What the task requires: Pictures are to be left out, and only the lines below starting at the one with "Alcuni Cenni Sulla" and ending at the one with "Paperback Guide on" are to be reproduced, each exactly, both ends included.

=== Begin Enclosure ===

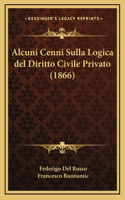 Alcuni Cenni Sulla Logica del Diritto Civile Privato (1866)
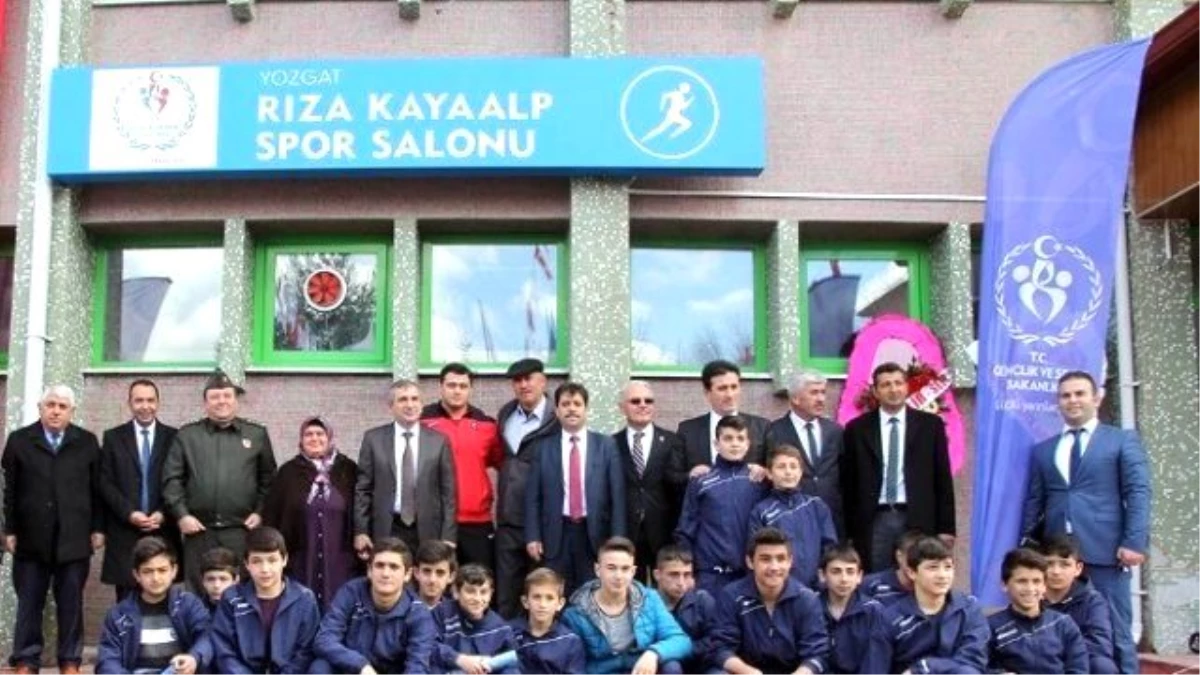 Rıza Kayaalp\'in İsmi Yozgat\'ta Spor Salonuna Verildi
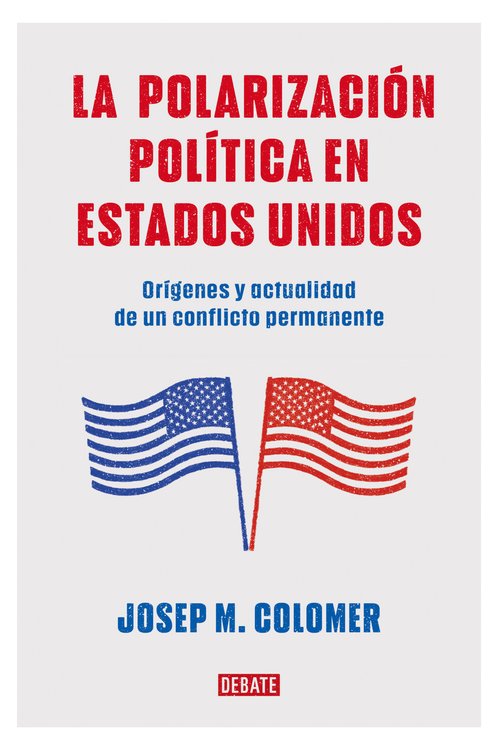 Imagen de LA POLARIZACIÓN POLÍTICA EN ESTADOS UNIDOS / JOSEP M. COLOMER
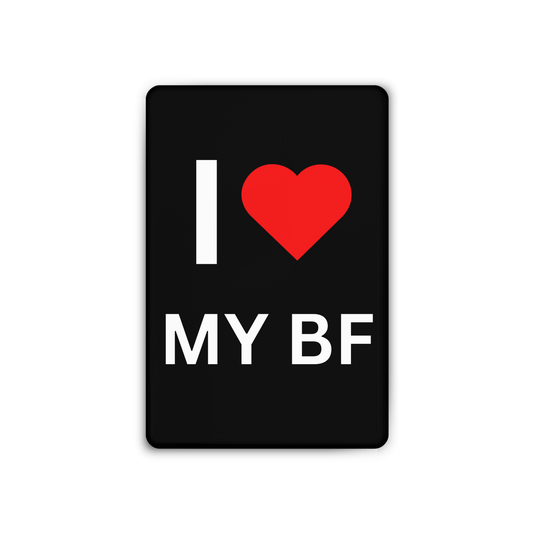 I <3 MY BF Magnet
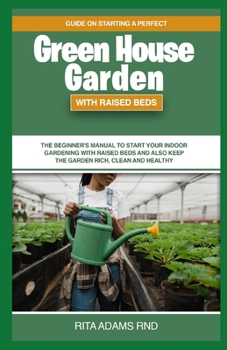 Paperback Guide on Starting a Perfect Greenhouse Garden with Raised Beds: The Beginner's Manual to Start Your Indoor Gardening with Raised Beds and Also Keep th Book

=== End Enclosure ===
=== Begin Enclosure ===

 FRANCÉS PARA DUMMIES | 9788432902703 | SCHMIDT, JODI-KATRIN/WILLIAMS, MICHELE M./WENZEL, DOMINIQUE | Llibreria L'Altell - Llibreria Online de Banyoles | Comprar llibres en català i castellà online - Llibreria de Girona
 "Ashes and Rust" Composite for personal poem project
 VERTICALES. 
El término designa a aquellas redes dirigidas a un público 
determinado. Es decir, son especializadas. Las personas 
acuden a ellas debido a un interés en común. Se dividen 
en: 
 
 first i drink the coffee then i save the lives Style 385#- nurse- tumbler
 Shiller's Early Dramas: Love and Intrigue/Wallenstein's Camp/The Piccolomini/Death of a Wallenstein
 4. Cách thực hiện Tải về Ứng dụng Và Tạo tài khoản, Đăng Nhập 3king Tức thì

=== End Enclosure ===
=== Begin Enclosure ===

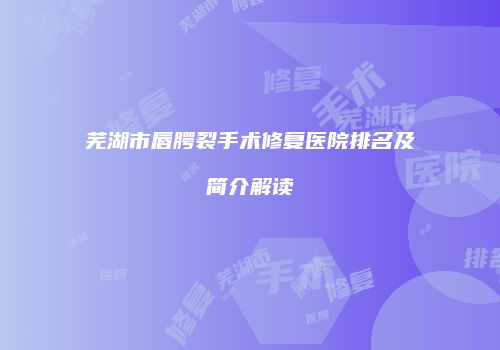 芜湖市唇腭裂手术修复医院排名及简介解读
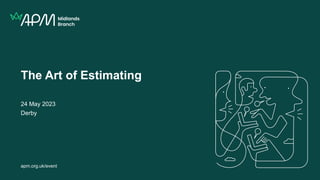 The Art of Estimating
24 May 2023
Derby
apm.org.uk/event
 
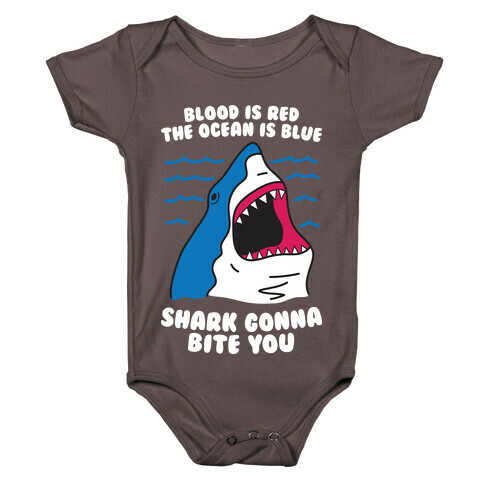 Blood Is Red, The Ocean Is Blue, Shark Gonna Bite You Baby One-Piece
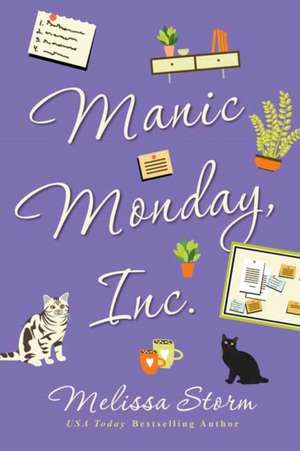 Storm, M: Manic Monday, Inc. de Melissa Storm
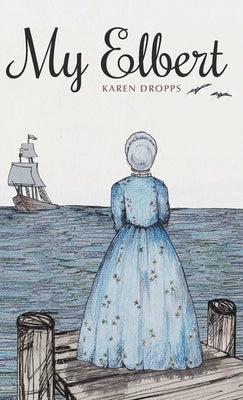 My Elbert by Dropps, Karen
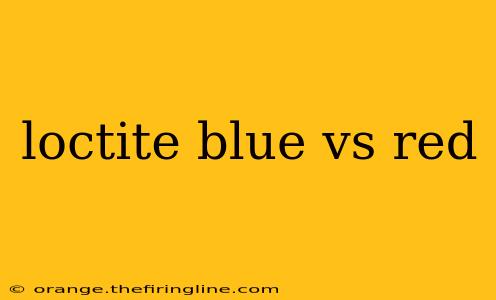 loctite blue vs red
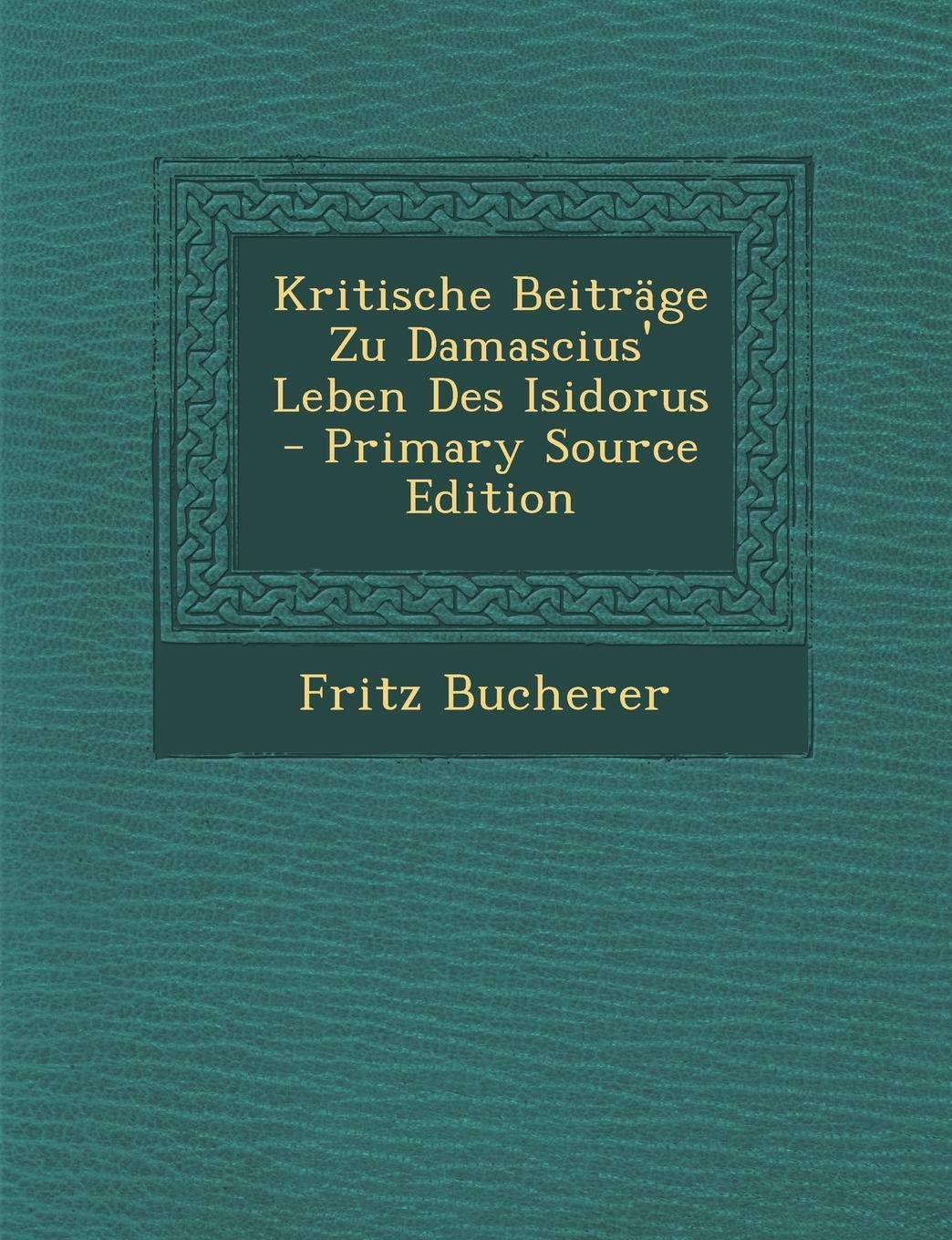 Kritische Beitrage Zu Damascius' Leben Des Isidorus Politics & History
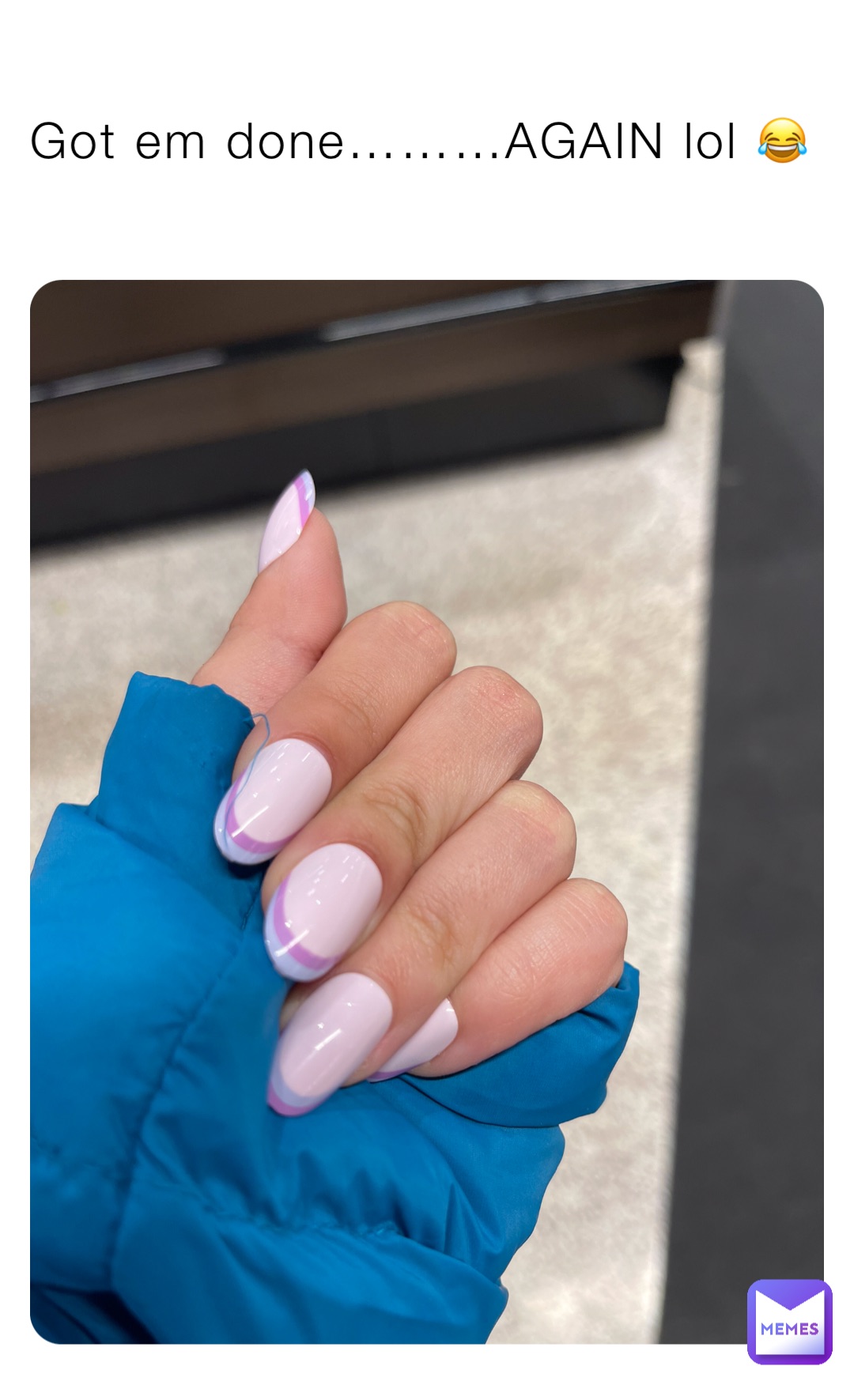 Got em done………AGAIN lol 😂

=== End Enclosure ===

Task output:
 Alcuni Cenni Sulla Logica del Diritto Civile Privato (1866)
 Rıza Kayaalp\'in İsmi Yozgat\'ta Spor Salonuna Verildi
 Imagen de LA POLARIZACIÓN POLÍTICA EN ESTADOS UNIDOS / JOSEP M. COLOMER
 I <3 MY BF Magnet
 Paperback Guide on Starting a Perfect Greenhouse Garden with Raised Beds: The Beginner's Manual to Start Your Indoor Gardening with Raised Beds and Also Keep th Book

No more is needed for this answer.